Requirement:
Output, exactly and in full, only the lines from the one containing "Bocah 4 Tahun" to the last line of the data. Pictures should not appear.

Data shown:
════

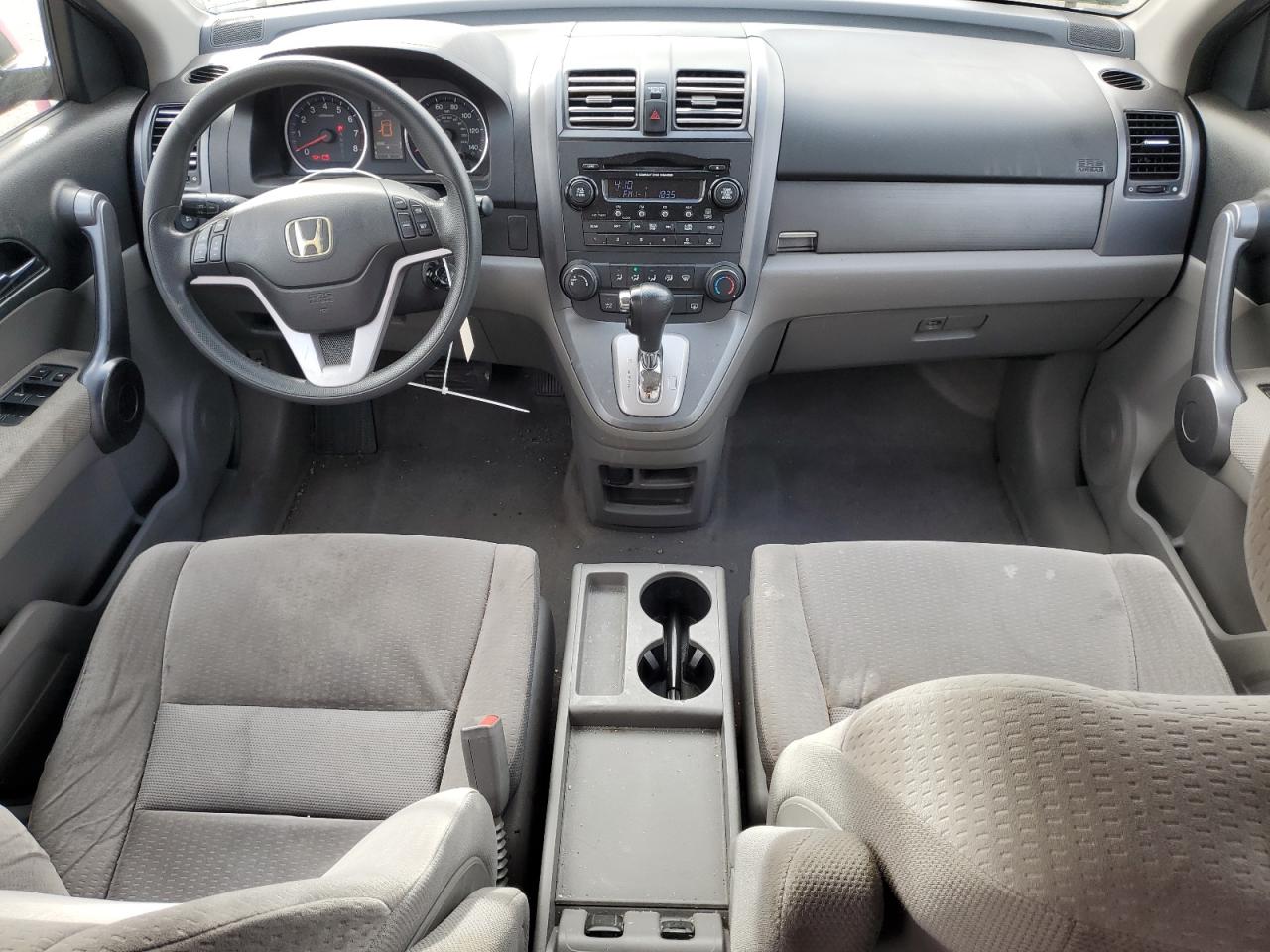 2008 Honda Cr-V VIN: 5J6RE48538L011403 Lot: 85846315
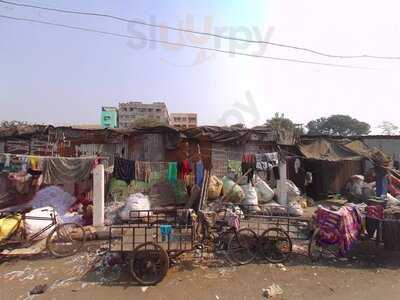 Triasha Indian & Chinese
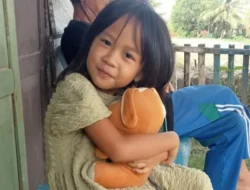Bocah 4 Tahun di Mowila Konsel Dilaporkan Hilang saat Bermain di Kebun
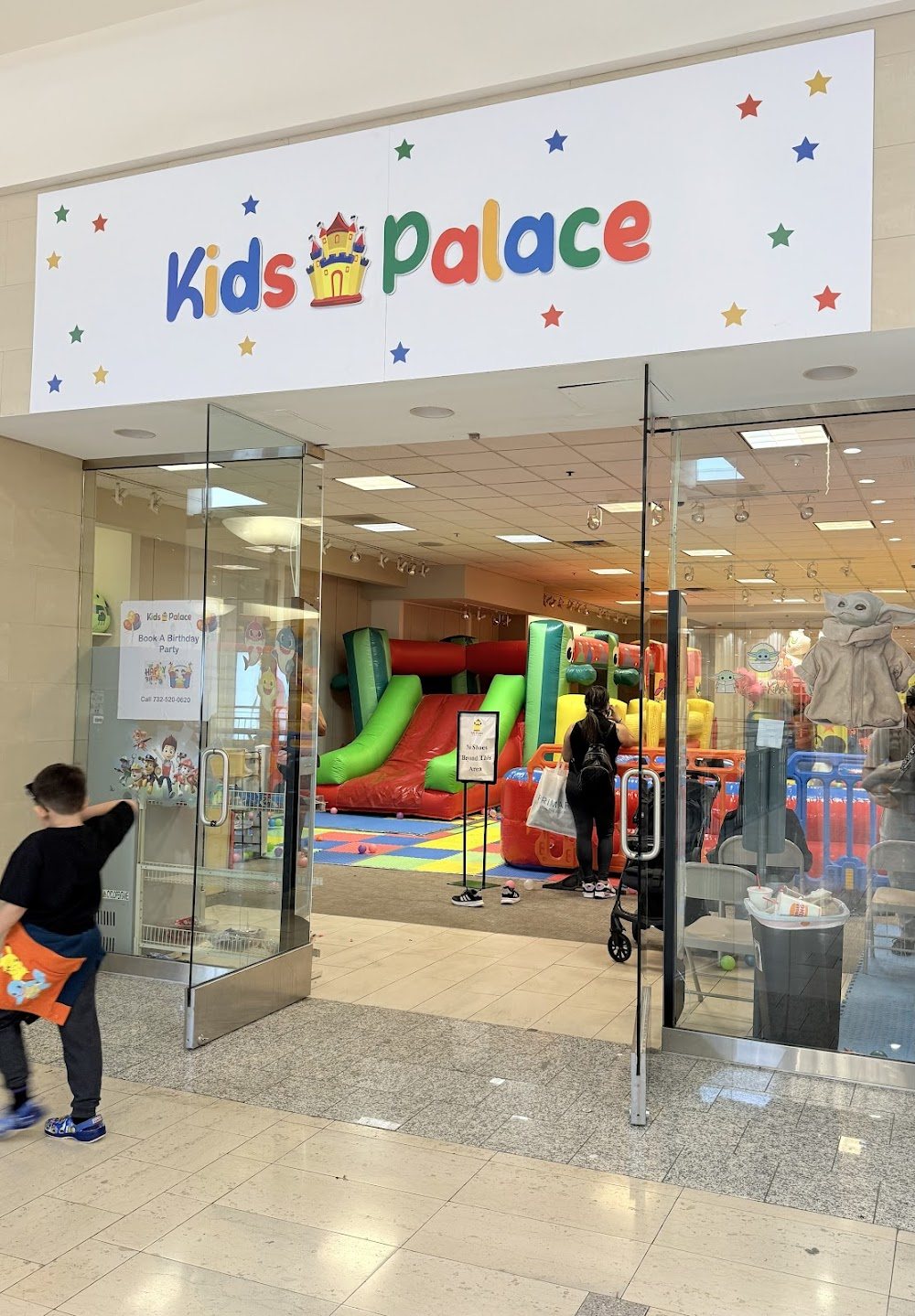 kids palace venue photo 1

════

Exercise response:
Bocah 4 Tahun di Mowila Konsel Dilaporkan Hilang saat Bermain di Kebun
 kids palace venue photo 1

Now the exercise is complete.